The cost of GHS might have been lower had the asbestos abatement effort gone as planned. Instead, Gibson said contractors continued to find asbestos as they went about removing walls and materials that had been identified as containing the known carcinogen. The extra effort cost the district around $90,000, but still managed to stay almost $100,000 under budget.  
“The reason it was more than we had originally anticipated was, first of all, we had not anticipated the abatement contractor having to take out block walls…then we discovered that there was asbestos in the primer that was put on before the blocks were painted,” he said, adding that an abatement specialist is the only contractor qualified to remove
asbestos.
The abatement contractors also found block walls in the high school that “were so poorly constructed they were unsafe,” Gibson told the board, which required contractors to unexpectedly do more work and forced a larger bill on the district.  
Gibson said the GMP for the relocation of Tommy V Field, using the current form of the Intergovernmental Agreement (IGA) between the town of Crested Butte and the school district, also came in slightly under budget, at $1,052,866.
He said the price was “based on the copy of the IGA that we currently have and if there are going to be any changes made to it than we’ll have to adjust accordingly.”
When board member Bill Powell asked why the price of the relocation might go up, and if it was likely, superintendent Jon Nelson said the IGA itself, which allows for the transfer of the Tommy V Field property to the school district, has been signed by both the district and the Town and most likely wouldn’t be changed.
But amendments to that IGA, including those that deal with warranties on work being done by the district, are still being finalized and could affect the price for the field relocation.
During the Tommy V Field design process, planners had considered installing lights at the field.

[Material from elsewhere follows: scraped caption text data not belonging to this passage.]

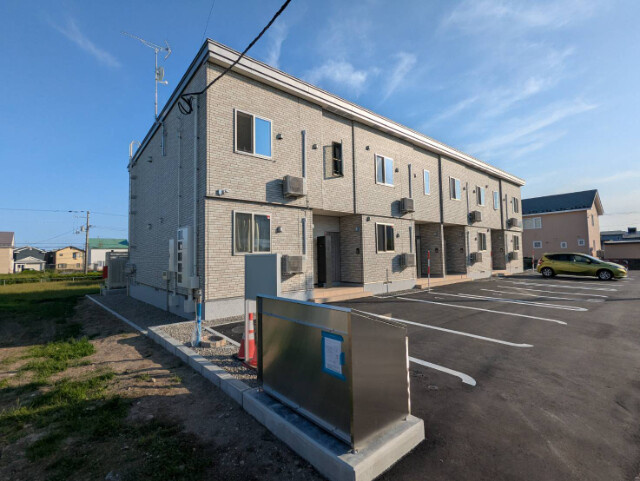苫小牧市もえぎ町２丁目のアパート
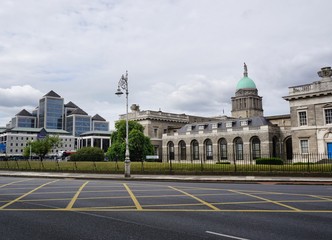 Fototapeta na wymiar Innenstadt von Dublin, Häuser | Parlament, Irland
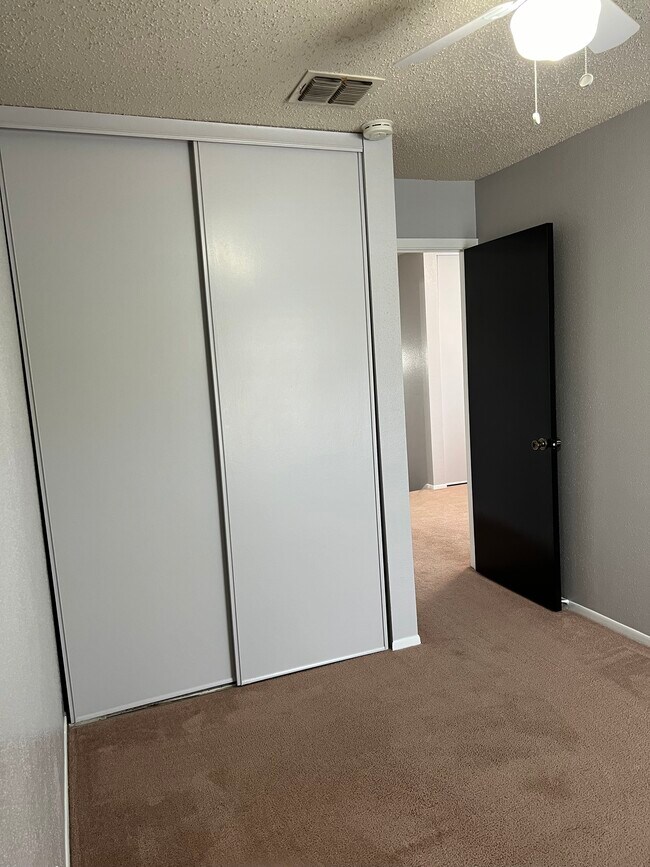 Building Photo - 9713 Village Briar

School board president MJ Vosburg said, “I’m glad we didn’t decide to keep the lights in the design. That would have put us over budget.”
The general contractor sets a GMP with input from the architect after work is underway to ensure that the contractor – in the district’s case Grand Junction-based FCI Constructors Inc. – makes an acceptable profit, while the district keeps any cost savings that might come along. The district then decides whether to accept the contractor’s GMP or start negotiations.
FCI Constructors is contracted to get seven percent of the total cost of the project.
“Because these will last 18 months, we wanted to give some price protection to the district,” Nelson says. “The GMP helps us guarantee that we’re not going to get nailed by a bunch of large jumps in the cost of labor or materials or whatever it is.”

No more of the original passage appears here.